Dataset items:

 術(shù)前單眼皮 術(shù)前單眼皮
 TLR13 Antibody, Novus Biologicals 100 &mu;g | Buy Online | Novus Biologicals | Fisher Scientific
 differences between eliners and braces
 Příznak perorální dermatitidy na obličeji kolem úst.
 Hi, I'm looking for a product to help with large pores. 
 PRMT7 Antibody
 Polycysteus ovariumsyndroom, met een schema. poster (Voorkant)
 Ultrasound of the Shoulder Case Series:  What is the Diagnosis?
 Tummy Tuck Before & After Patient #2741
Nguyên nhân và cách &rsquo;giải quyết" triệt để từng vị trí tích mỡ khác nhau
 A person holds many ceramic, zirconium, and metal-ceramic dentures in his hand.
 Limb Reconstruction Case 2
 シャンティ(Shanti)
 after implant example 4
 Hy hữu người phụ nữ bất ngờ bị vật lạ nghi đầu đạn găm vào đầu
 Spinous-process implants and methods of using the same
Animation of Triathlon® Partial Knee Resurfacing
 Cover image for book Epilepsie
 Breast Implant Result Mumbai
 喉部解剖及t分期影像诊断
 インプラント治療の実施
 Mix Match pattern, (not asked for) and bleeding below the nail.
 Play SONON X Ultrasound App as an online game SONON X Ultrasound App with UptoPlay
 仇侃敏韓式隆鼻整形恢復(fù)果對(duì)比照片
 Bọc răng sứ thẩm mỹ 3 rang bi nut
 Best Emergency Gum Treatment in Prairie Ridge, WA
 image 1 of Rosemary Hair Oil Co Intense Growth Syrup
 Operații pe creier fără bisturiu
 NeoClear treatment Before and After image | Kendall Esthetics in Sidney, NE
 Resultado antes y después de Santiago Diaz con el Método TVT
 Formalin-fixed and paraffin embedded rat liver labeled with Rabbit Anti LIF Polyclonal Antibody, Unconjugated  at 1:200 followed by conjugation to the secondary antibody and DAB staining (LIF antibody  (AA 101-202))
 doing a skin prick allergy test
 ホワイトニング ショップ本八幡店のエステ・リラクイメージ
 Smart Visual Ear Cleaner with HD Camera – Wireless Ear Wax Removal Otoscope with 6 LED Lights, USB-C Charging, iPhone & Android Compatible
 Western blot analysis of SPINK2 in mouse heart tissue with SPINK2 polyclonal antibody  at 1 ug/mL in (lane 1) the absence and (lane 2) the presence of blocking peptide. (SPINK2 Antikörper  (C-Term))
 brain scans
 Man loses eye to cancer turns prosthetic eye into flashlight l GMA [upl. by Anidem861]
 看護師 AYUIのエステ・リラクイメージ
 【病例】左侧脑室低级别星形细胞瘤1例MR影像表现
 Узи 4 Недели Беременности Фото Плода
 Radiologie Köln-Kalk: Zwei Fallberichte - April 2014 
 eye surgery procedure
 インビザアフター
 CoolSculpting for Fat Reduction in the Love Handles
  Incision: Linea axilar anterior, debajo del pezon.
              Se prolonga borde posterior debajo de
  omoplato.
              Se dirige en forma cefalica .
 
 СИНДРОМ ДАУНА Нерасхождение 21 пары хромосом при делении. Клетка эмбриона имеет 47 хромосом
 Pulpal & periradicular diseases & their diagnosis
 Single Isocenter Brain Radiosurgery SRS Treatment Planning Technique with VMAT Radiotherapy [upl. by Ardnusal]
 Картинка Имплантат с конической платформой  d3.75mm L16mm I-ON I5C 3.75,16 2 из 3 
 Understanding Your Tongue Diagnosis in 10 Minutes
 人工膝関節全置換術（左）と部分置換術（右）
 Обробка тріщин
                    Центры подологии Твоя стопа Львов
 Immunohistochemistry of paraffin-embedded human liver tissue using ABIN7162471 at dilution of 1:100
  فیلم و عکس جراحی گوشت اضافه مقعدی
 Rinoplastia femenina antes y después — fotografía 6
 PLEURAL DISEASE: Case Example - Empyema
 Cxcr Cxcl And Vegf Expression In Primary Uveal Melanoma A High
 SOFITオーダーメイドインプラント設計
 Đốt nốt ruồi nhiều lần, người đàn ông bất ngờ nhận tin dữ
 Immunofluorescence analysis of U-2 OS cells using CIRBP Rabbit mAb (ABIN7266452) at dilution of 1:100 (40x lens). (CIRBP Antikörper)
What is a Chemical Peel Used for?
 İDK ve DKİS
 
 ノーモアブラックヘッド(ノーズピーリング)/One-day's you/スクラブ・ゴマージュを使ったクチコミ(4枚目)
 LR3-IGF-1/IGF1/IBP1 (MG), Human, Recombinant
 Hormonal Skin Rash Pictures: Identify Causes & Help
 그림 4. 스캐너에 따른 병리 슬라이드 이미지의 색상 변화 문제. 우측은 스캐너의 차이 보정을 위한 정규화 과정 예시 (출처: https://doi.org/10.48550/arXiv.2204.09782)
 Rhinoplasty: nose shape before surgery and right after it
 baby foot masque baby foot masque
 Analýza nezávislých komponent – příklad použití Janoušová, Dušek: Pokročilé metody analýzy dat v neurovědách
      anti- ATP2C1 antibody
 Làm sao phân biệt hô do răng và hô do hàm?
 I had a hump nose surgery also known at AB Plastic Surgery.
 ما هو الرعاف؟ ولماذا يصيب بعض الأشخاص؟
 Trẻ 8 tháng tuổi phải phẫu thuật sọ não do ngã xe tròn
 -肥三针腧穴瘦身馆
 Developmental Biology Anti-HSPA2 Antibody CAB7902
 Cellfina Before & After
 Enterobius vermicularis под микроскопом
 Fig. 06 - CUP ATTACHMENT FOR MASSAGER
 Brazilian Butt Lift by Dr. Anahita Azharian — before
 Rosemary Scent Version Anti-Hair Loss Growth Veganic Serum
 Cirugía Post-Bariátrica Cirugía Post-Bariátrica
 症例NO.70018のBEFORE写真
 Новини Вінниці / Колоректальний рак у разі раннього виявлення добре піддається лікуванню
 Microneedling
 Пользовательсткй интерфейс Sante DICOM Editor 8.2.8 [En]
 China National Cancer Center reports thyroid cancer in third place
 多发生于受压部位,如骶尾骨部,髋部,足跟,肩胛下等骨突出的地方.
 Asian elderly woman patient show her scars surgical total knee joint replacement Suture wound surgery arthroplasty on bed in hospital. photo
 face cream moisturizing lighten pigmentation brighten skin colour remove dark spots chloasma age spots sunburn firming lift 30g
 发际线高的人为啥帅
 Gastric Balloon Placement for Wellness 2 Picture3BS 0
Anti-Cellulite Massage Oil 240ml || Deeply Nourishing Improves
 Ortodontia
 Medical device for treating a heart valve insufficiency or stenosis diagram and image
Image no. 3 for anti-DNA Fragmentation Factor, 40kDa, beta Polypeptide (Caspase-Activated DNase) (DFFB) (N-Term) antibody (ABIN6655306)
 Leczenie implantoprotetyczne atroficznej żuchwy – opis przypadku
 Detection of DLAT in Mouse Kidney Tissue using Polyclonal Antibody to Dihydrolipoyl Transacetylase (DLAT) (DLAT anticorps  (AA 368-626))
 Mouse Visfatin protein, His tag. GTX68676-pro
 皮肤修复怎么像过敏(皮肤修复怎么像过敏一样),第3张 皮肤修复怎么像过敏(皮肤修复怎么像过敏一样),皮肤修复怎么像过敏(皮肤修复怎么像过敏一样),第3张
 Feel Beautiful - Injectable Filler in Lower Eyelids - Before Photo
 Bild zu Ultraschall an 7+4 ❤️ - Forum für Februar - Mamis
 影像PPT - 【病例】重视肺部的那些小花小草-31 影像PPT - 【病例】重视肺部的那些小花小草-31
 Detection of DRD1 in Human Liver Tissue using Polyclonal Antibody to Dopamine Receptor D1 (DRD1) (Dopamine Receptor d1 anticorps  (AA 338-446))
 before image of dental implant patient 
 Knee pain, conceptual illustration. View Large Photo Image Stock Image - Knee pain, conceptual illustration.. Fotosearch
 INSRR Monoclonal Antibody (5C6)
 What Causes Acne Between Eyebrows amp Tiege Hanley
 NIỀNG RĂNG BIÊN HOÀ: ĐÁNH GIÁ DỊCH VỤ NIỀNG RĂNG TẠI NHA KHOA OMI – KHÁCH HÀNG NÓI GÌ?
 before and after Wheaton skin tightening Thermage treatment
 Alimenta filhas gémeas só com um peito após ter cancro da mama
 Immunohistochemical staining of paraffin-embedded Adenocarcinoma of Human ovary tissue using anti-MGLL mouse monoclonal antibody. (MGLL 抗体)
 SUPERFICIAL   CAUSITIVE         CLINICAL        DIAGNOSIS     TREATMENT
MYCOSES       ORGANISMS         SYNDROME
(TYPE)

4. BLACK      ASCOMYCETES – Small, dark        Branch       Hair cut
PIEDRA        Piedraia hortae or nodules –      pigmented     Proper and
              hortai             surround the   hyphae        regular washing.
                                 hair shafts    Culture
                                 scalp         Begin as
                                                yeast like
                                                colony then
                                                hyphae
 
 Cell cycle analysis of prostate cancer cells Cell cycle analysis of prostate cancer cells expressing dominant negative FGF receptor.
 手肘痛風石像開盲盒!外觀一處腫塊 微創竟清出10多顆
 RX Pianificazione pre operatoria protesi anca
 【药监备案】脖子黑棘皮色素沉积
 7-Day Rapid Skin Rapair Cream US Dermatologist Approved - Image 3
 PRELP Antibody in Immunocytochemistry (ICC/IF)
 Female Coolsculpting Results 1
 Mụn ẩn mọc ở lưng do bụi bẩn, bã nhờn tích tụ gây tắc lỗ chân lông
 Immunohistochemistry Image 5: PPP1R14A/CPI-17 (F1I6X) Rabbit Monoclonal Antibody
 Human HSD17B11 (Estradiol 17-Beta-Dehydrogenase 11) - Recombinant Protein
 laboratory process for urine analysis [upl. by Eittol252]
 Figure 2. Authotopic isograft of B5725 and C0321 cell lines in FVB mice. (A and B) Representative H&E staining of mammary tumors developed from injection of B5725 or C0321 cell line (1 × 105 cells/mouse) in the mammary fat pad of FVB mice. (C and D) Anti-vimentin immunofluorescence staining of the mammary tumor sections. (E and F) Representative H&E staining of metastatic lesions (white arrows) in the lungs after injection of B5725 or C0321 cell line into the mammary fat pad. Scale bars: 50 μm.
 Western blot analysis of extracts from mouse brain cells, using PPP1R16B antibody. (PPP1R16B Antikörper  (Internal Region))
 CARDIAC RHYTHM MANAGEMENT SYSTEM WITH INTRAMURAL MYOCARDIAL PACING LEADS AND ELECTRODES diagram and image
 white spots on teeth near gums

## WORK TASK
In the data above, retype exactly and only the lines between the one holding "Rinoplastia femenina antes" and the one holding "Hormonal Skin Rash", inclusive.

## EXERCISE SOLUTION
 Rinoplastia femenina antes y después — fotografía 6
 PLEURAL DISEASE: Case Example - Empyema
 Cxcr Cxcl And Vegf Expression In Primary Uveal Melanoma A High
 SOFITオーダーメイドインプラント設計
 Đốt nốt ruồi nhiều lần, người đàn ông bất ngờ nhận tin dữ
 Immunofluorescence analysis of U-2 OS cells using CIRBP Rabbit mAb (ABIN7266452) at dilution of 1:100 (40x lens). (CIRBP Antikörper)
What is a Chemical Peel Used for?
 İDK ve DKİS
 
 ノーモアブラックヘッド(ノーズピーリング)/One-day's you/スクラブ・ゴマージュを使ったクチコミ(4枚目)
 LR3-IGF-1/IGF1/IBP1 (MG), Human, Recombinant
 Hormonal Skin Rash Pictures: Identify Causes & Help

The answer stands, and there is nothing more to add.